Jill Nelson
Jill Nelson
Defending Jill Nelson
On Memorial Day 2020, members of the New York District Communist Party USA, along with activists from the Black Radical Congress and the Riverside-Edgecomb Neighborhood Association, rallied in support of Washington Heights’ “Graffiti Grandma.” Jill Nelson, an activist, author, and journalist, was arrested on April 16 for chalking “Trump = Plague” on the wall of an abandoned storefront in Upper Manhattan. Nelson, a 67-year-old African-American grandmother, was promptly handcuffed and forcibly searched by four young police officers. When asked if she was armed, Nelson replied, “Are you kidding? No, my weapons are my words.”
Forty-five fellow activists, neighbors, friends, and comrades of Nelson showed up on Monday at the 33rd Precinct police headquarters where she was held for hours in a tiny cell with access only to a dirty bathroom. “She was denied the right to speak to her husband on the phone for more than 15 seconds!” one of her neighbors exclaimed. “Her husband did not even know where she was.” Nelson was arrested for defying local laws against defacing public property with graffiti, even though she wrote with pink washable sidewalk chalk.

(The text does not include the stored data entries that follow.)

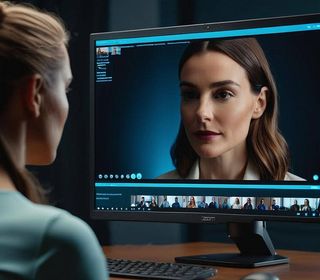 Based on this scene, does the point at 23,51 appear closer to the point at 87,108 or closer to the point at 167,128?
the point at 167,128

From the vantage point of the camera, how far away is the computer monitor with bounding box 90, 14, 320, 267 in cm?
182

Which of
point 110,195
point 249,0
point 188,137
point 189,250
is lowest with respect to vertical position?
point 189,250

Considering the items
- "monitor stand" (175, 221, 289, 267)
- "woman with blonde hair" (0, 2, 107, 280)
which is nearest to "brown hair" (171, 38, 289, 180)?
"monitor stand" (175, 221, 289, 267)

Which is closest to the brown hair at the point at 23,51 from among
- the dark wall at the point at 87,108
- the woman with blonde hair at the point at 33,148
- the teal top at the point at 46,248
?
the woman with blonde hair at the point at 33,148

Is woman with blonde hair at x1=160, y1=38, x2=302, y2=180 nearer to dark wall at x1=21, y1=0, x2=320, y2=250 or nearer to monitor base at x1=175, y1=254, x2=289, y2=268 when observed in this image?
monitor base at x1=175, y1=254, x2=289, y2=268

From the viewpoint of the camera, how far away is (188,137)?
6.34ft

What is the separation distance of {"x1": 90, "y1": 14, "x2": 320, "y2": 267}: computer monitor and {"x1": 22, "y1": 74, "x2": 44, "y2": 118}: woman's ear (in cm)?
82

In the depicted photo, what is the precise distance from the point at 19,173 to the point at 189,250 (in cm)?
109

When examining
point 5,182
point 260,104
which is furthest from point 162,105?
point 5,182

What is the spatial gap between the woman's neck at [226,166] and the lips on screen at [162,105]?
0.20 ft

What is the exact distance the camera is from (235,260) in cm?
184

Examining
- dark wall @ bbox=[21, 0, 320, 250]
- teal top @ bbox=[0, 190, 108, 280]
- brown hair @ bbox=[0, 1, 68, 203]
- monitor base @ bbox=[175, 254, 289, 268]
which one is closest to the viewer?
teal top @ bbox=[0, 190, 108, 280]

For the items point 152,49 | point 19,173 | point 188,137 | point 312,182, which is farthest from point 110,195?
point 19,173

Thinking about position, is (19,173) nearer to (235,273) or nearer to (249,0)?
(235,273) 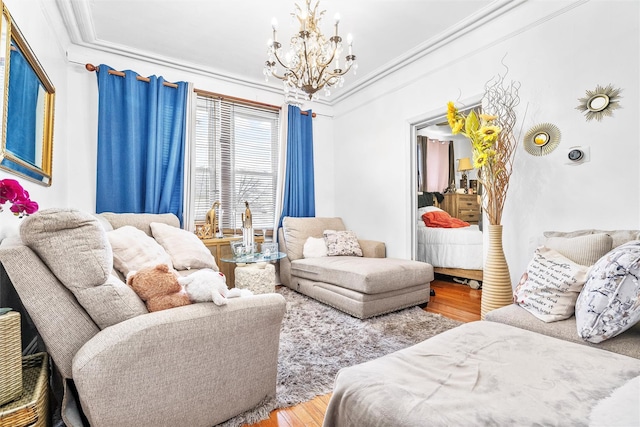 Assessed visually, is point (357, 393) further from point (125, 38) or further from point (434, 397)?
point (125, 38)

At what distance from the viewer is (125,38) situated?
3.01 m

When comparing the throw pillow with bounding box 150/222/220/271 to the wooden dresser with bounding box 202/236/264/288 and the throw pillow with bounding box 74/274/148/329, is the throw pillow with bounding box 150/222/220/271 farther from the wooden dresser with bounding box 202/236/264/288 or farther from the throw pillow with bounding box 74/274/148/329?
the throw pillow with bounding box 74/274/148/329

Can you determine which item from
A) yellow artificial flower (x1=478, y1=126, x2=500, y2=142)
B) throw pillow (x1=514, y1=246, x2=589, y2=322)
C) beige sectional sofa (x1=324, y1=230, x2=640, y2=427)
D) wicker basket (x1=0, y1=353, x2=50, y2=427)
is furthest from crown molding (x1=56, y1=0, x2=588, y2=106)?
wicker basket (x1=0, y1=353, x2=50, y2=427)

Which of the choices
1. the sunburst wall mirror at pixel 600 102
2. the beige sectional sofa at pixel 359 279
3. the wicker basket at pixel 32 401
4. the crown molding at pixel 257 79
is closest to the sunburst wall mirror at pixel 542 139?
the sunburst wall mirror at pixel 600 102

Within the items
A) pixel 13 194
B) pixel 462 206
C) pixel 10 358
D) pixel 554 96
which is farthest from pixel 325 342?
pixel 462 206

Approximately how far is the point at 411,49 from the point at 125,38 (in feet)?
9.52

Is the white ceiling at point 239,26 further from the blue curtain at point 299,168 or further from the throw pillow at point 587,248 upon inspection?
the throw pillow at point 587,248

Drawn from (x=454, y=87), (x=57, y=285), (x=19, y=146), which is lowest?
(x=57, y=285)

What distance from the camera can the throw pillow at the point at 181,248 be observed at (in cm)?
261

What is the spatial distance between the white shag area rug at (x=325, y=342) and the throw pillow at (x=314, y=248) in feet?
2.07

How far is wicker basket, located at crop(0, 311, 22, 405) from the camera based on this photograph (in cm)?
101

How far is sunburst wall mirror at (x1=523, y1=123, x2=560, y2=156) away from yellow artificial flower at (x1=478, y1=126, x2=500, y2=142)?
451mm

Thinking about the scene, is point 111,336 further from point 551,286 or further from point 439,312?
point 439,312

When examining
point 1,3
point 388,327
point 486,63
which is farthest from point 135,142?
point 486,63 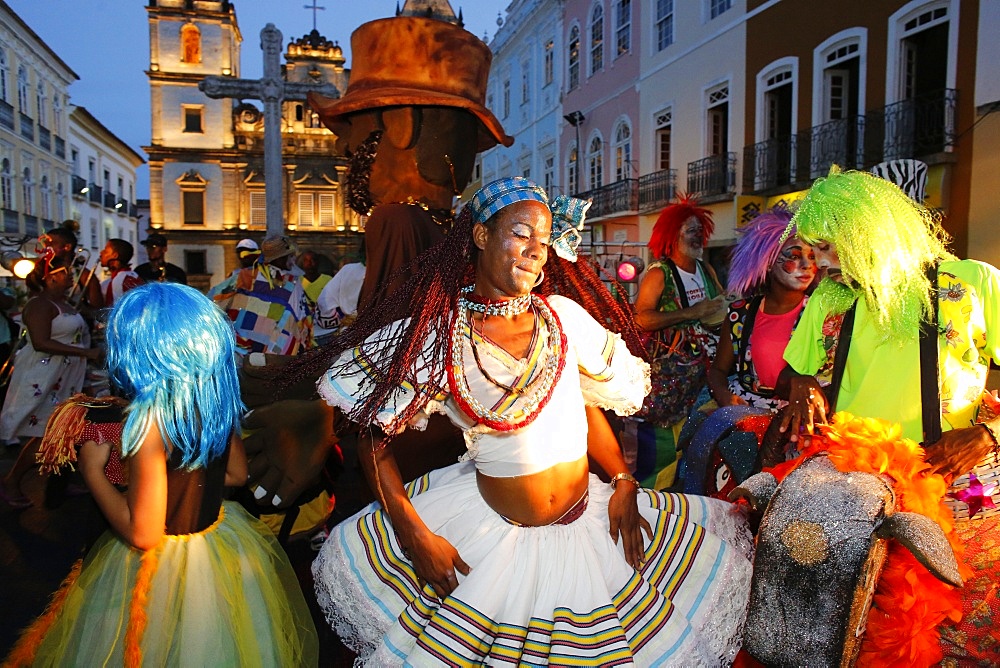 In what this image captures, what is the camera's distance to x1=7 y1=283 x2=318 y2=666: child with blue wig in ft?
7.72

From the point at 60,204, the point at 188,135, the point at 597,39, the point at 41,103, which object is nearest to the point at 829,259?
the point at 597,39

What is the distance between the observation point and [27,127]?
35844 mm

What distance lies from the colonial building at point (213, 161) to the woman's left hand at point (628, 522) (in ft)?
133

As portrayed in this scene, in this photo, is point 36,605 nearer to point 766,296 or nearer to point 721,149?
point 766,296

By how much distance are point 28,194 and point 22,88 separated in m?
4.91

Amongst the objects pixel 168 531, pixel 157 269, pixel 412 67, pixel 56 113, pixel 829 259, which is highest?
pixel 56 113

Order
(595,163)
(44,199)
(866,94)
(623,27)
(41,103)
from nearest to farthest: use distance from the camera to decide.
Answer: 1. (866,94)
2. (623,27)
3. (595,163)
4. (41,103)
5. (44,199)

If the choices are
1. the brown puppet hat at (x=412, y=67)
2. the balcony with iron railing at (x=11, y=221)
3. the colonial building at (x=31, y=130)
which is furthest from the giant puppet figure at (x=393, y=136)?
the balcony with iron railing at (x=11, y=221)

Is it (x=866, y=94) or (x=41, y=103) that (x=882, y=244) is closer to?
(x=866, y=94)

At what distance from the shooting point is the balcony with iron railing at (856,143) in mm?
11891

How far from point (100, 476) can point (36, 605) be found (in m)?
2.34

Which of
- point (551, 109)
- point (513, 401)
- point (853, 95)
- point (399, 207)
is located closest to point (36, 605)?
point (399, 207)

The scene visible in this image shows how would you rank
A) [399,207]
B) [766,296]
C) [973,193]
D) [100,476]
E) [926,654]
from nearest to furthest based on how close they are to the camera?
[926,654], [100,476], [399,207], [766,296], [973,193]

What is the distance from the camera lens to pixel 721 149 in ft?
59.0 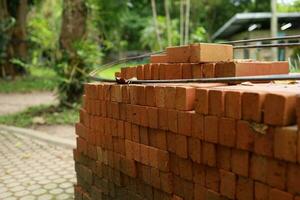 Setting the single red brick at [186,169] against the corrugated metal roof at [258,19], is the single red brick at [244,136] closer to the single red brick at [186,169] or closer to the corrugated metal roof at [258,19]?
the single red brick at [186,169]

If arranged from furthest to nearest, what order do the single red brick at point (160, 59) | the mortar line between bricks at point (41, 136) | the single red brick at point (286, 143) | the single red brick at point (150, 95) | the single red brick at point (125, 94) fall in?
the mortar line between bricks at point (41, 136) → the single red brick at point (160, 59) → the single red brick at point (125, 94) → the single red brick at point (150, 95) → the single red brick at point (286, 143)

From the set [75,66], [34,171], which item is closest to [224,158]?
[34,171]

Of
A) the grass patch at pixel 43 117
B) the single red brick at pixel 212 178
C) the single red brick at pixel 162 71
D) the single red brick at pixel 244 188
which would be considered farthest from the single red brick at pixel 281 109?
the grass patch at pixel 43 117

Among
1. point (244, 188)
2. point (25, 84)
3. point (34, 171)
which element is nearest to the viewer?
point (244, 188)

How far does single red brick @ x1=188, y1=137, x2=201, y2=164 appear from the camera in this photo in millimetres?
2160

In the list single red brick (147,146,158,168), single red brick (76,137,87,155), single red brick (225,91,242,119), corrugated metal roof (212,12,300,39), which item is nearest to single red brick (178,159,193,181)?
single red brick (147,146,158,168)

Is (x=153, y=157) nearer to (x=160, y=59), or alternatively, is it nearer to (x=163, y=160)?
(x=163, y=160)

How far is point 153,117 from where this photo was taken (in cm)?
251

“I know Jill, she always walks with that same sidewalk chalk and a little pin that says ‘I can’t breathe’ on it,” reported Nelson’s friend, Terria Joseph. “She’s an elder and a prominent writer and activist in the neighborhood. Why throw her in jail?”
“Jill is a friend of mine and an associate activist,” stated Evelyn Neil, a neighbor of Nelson. “This was an excessive amount of abuse for a 67-year-old Black grandmother, and the chalk was easily erasable. It’s not even there now because the rain washed it away! But you see real graffiti everywhere. Look around the corner, why don’t the police take care of that graffiti?”

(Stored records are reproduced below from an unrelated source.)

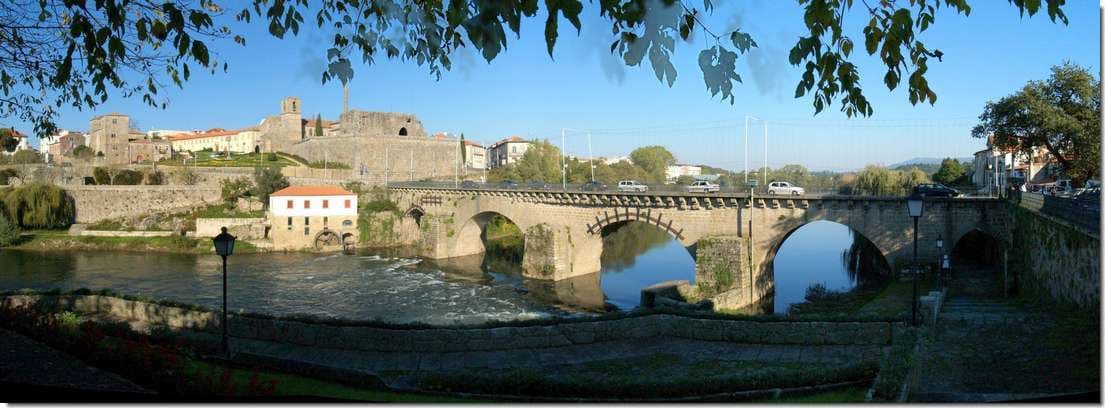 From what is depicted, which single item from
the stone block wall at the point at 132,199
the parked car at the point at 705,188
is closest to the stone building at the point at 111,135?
the stone block wall at the point at 132,199

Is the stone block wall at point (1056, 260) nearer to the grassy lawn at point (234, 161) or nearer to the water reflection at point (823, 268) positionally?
the water reflection at point (823, 268)

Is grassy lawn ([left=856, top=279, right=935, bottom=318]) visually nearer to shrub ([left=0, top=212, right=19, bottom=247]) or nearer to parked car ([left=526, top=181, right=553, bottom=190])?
parked car ([left=526, top=181, right=553, bottom=190])

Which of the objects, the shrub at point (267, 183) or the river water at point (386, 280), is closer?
the river water at point (386, 280)

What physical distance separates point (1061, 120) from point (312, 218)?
3849cm

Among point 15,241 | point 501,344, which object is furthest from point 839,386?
point 15,241

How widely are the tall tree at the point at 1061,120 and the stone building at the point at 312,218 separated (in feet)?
119

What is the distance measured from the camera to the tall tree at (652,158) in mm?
82688

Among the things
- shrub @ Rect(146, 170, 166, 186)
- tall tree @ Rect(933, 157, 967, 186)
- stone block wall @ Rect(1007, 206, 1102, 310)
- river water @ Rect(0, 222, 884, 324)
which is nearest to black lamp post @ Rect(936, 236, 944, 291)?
stone block wall @ Rect(1007, 206, 1102, 310)

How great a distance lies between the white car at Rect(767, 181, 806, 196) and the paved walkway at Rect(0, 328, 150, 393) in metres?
22.6

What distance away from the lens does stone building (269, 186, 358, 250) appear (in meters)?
44.6

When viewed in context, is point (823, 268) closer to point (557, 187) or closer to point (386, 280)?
point (557, 187)

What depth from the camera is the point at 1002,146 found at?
2244 cm

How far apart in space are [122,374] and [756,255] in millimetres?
22008

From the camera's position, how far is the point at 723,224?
27.5m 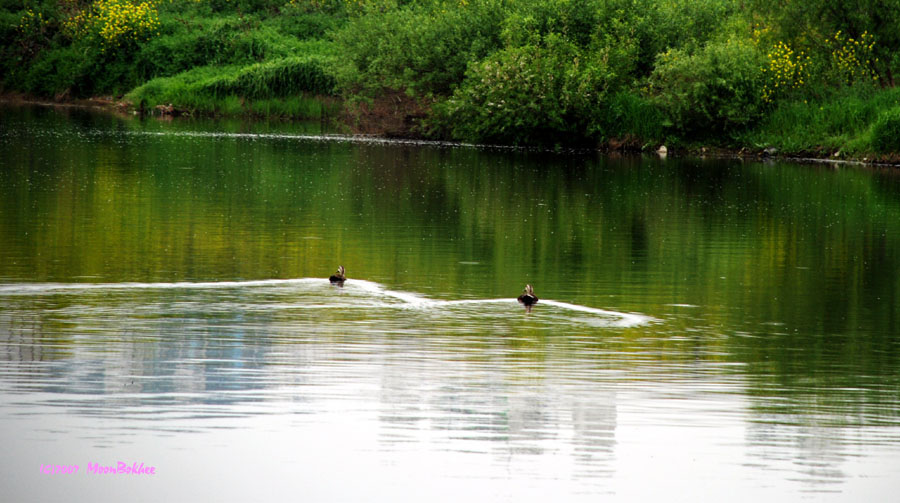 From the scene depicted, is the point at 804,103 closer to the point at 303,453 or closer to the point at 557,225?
the point at 557,225

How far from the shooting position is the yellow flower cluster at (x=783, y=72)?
55.4 m

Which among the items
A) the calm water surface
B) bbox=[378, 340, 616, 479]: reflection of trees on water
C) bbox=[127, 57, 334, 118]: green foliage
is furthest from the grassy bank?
bbox=[378, 340, 616, 479]: reflection of trees on water

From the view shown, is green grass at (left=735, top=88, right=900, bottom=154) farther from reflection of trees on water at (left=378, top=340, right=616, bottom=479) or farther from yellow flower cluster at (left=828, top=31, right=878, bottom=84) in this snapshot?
reflection of trees on water at (left=378, top=340, right=616, bottom=479)

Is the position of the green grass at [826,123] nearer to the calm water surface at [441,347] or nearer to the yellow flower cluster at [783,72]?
the yellow flower cluster at [783,72]

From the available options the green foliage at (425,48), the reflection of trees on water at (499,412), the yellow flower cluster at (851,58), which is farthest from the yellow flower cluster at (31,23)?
the reflection of trees on water at (499,412)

Mary Louise Patterson, daughter of the late Communist Party USA leader William L. Patterson, who famously “cried genocide” in defense of African Americans in the U.S. South, went “toe-to-toe” with an NYPD officer in front of the jail where Nelson was held on West 170th Street and asked, “How would you feel if your grandparents were handcuffed by four police officers for using pink chalk? You don’t have anything better to do? Why not go clean real graffiti?”
Patterson maintained six feet of physical distance when addressing the police officer, then turned to the crowd of protesters and stated, “The Manhattan district attorney said that they would drop the charges if she would take a resiliency course for anger management as if she were the one with behavioral problems and improper training!”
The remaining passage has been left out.